Pedro Adão e Silva ganhou 108 mil euros com comentário
Maria Henrique Espada 21 de outubro

Pedro Adão e Silva, o analista, ganha bastante mais do que Pedro Adão e Silva, o comissário. Deixou o ISCTE, mas fica nos media, a par da comissão para as comemorações dos 50 anos do 25 de Abril.

Pedro Adão e Silva já entregou a sua declaração de rendimentos no Tribunal Constitucional. O comissário executivo das comemorações dos 50 anos do 25 de Abril, nomeado em junho último pelo Governo, recusou na altura revelar quanto recebe no espaço de comentário na RTP, que vai manter, e a estação pública de televisão apenas remeteu para as tabelas da casa, sem adiantar valores. Mas a declaração permite perceber que a empresa através da qual fatura as múltiplas colaborações em órgãos de comunicação social, a Linha Justa Lda., teve em 2020 um volume de negócios de 108.642 euros, onde está incluído o que recebe da RTP (O outro lado), Expresso, TSF (Bloco Central), Sport TV e Record (do mesmo grupo da SÁBADO, a Cofina).
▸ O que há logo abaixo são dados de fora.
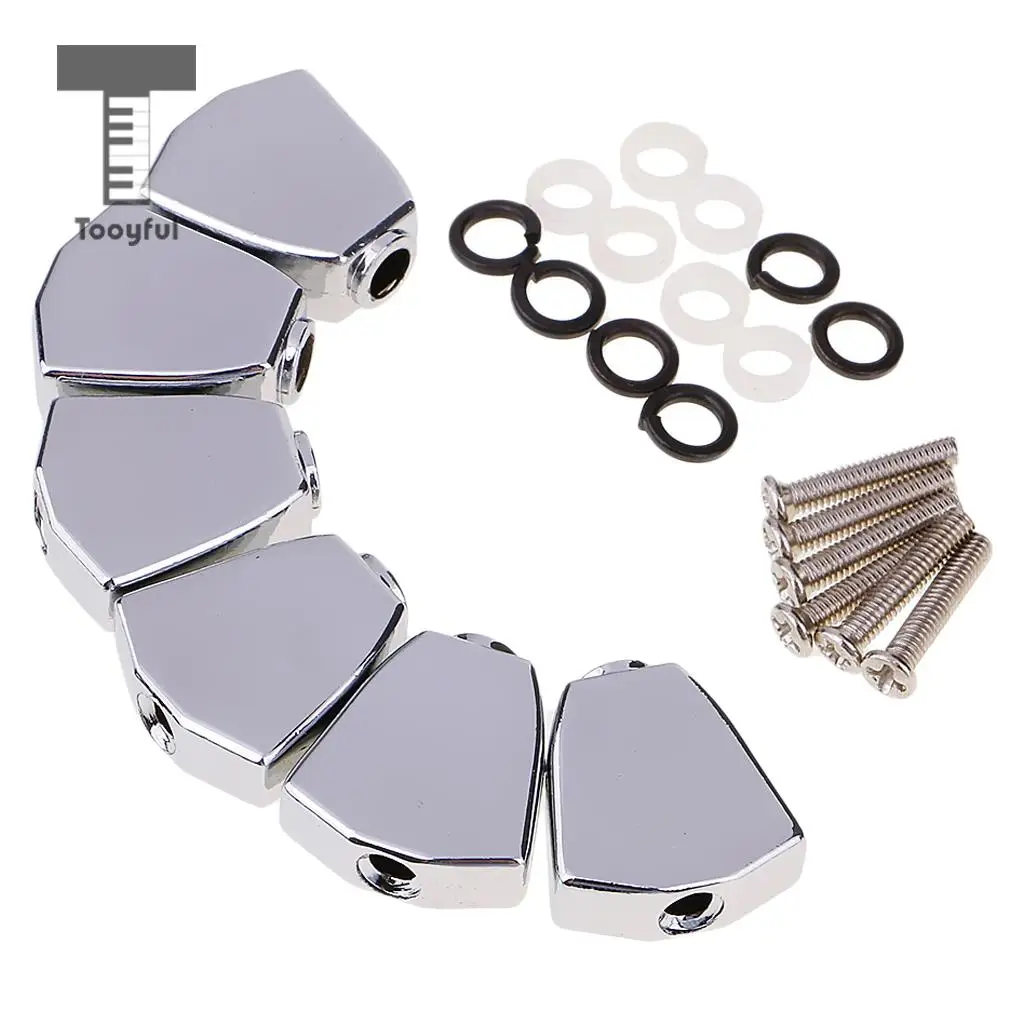 Tooyful Metal Zinc Alloy Guitar Tuning Peg Tuners Machine Head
O que fará dele, provavelmente, um dos mais bem pagos comentadores do País, pela acumulação de vários espaços.

O comissário não declara diretamente trabalho independente, uma vez que o fatura através da empresa, de que detém 70% – os outros 30% pertencem à mãe. “Não quis fazer uma unipessoal”, explica à SÁBADO, acrescentando também que achou o formulário aplicado às declarações “bastante mal feito e com várias coisas erradas”. “Eu declarei a faturação da empresa, mas não tinha de o fazer. Como isso nem é exigido, não há um verdadeiro controlo. Não se controla quanto se fatura antes e depois” da passagem por cargos públicos.

Adão e Silva tem ainda outra empresa, a Fugas Imobiliária, mas sem atividade em 2020, e de que é sócio minoritário (30%) com a mãe. A declaração refere ainda 33.479 euros auferidos em trabalho dependente, pelas funções de professor auxiliar no ISCTE, que suspendeu este ano.